Allied did do a good job of moving my things efficiently and safely from Saskatoon to Toronto. They arrived for the pickup exactly when they said they would, and they delivered when they said they would. Both times the driver called the night before to double-check the time and the address. I was very happy with the driver and his assistants in both Saskatoon and Toronto. It was only the estimator who did not leave me feeling very pleased.

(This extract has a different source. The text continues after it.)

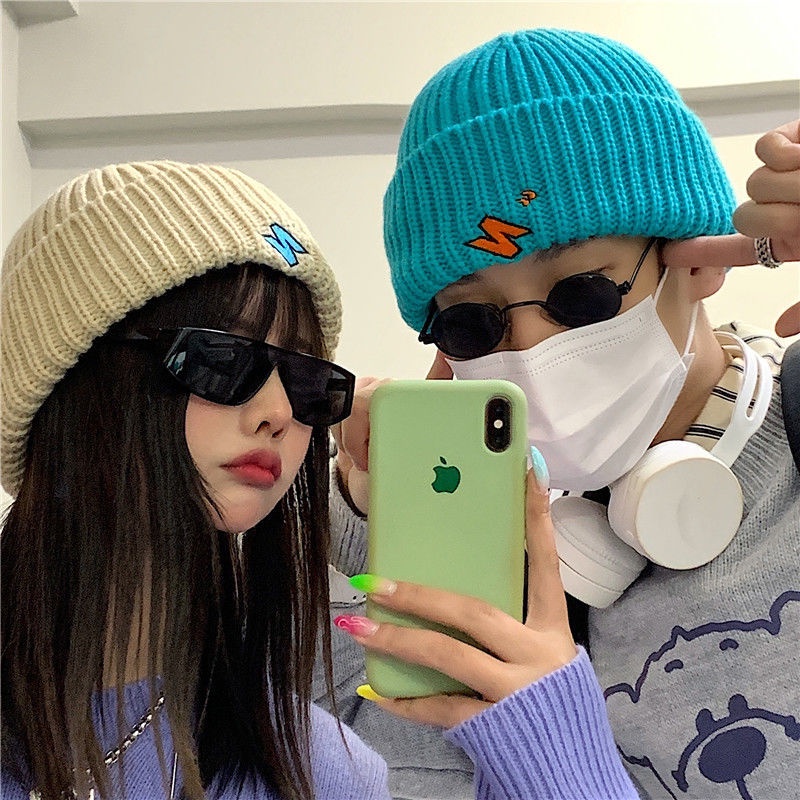 Mũ Len Thêu Chữ Phong Cách Hiphop Thời Trang Thu Đông Hàn Quốc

Considering how many problems people have with movers, I guess I should be contented that nothing else went wrong — but money is money, especially when you’re moving and so many other costs are involved. As far as I’m concerned, $1,000 is a lot of money at any time.

By the way, the Government of Canada has a very good checklist for consumers when it comes to choosing a mover. I highly recommend that others (even non-Canadians!) read it before undertaking any major move. It’s located here: http://www.ic.gc.ca/eic/site/oca-bc.nsf/eng/ca02029.html

My apartment before the movers arrived...

And now I have all my belongings in one place. All I have to do is unpack and figure out where to put everything. I have had no second thoughts about moving to Toronto. I am already finding more work here as a freelancer than I have had before, and I’m busy with social activities, visitors from the west and south, and events I want to take in solo or with other people. And I still love the subway. 🙂

... and after the delivery

It was a good decision for me, and I am one happy former-Saskatoonie-former-Edmontonian-former-Londoner(ON)-former-Wainwrightian-current-Torontonian.

The estimate from Country Wide

Yeah!

Post 23

Today I get all my stuff from Saskatoon. Welcome to your new home, Cuisinart coffeemaker!!!!! How I have missed you. Welcome books and bookshelves: we must never be separated for this long again. Welcome, mattress. The airbed and I just never hit it off. And Watch Out, Toronto: I am grounded. Hear me roar.